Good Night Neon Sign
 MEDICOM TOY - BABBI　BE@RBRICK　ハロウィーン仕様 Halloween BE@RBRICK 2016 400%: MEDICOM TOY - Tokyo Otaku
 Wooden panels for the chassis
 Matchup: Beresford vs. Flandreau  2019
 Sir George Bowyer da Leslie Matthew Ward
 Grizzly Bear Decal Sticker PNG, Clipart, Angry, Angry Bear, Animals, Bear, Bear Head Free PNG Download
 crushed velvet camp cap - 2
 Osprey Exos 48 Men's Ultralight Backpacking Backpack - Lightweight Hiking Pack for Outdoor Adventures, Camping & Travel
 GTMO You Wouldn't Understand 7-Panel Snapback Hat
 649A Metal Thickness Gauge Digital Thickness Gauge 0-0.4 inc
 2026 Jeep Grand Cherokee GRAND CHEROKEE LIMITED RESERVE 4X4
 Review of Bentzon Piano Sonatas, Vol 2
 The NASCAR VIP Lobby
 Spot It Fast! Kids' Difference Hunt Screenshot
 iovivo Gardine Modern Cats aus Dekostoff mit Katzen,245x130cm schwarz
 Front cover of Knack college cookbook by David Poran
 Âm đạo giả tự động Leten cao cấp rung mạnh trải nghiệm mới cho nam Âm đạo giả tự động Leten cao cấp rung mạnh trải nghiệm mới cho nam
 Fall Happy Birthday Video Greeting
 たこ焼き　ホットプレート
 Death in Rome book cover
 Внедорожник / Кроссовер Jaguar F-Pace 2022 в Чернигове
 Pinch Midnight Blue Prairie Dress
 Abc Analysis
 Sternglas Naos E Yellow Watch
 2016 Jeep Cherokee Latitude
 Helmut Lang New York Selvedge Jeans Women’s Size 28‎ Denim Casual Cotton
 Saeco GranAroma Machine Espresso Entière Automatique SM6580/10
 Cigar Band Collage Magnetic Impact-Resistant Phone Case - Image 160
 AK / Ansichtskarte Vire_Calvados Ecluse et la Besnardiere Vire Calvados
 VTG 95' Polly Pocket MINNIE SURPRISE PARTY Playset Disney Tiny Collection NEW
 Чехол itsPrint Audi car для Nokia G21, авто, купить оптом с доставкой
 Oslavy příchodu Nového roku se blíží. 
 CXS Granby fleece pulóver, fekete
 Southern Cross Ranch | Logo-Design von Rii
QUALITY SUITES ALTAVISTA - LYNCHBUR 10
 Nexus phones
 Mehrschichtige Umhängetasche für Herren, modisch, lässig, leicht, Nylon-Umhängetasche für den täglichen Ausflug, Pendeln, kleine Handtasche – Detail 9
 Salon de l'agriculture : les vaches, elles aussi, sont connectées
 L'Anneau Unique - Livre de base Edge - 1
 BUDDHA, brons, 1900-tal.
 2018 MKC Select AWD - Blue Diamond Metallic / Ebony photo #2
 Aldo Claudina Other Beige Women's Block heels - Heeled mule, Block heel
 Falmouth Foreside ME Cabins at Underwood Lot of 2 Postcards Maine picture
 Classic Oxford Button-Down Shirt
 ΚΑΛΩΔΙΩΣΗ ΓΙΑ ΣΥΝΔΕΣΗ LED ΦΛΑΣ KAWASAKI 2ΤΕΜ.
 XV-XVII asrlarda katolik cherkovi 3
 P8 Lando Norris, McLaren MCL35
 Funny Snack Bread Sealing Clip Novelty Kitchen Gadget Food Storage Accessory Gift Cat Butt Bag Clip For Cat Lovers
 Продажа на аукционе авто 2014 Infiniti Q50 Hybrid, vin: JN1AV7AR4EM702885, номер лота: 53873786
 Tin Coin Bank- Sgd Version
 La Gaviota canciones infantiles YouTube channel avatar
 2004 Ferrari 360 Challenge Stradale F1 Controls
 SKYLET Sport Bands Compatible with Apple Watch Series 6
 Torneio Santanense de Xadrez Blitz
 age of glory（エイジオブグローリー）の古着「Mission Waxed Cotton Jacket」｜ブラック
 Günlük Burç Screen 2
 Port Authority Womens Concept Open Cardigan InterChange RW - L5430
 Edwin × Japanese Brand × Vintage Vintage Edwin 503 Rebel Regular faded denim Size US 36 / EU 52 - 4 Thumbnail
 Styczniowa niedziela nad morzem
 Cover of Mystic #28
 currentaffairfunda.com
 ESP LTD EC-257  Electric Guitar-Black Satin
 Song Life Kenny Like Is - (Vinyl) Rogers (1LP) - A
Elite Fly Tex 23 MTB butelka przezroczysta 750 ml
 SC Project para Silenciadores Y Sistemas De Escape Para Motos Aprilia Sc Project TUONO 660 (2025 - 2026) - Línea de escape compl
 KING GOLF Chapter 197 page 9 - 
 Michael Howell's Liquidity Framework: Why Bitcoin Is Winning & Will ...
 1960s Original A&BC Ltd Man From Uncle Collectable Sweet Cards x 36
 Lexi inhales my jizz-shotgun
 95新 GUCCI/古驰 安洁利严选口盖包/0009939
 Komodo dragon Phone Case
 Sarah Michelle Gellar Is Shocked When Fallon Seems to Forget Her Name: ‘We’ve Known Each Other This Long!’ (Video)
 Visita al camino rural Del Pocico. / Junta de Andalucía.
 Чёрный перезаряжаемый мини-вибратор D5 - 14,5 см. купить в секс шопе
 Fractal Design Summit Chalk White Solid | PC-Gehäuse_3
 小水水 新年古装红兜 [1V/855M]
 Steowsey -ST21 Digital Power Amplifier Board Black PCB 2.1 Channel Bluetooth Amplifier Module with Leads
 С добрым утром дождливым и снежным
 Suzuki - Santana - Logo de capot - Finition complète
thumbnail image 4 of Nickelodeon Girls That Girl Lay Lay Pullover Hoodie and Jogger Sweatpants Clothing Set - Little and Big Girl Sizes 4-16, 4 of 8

▶ _What to do_: Set down exactly the lines above that run from the start of the listing to the line with "Osprey Exos 48". Leave out every later line.

▶ _Answer box_:
Good Night Neon Sign
 MEDICOM TOY - BABBI　BE@RBRICK　ハロウィーン仕様 Halloween BE@RBRICK 2016 400%: MEDICOM TOY - Tokyo Otaku
 Wooden panels for the chassis
 Matchup: Beresford vs. Flandreau  2019
 Sir George Bowyer da Leslie Matthew Ward
 Grizzly Bear Decal Sticker PNG, Clipart, Angry, Angry Bear, Animals, Bear, Bear Head Free PNG Download
 crushed velvet camp cap - 2
 Osprey Exos 48 Men's Ultralight Backpacking Backpack - Lightweight Hiking Pack for Outdoor Adventures, Camping & Travel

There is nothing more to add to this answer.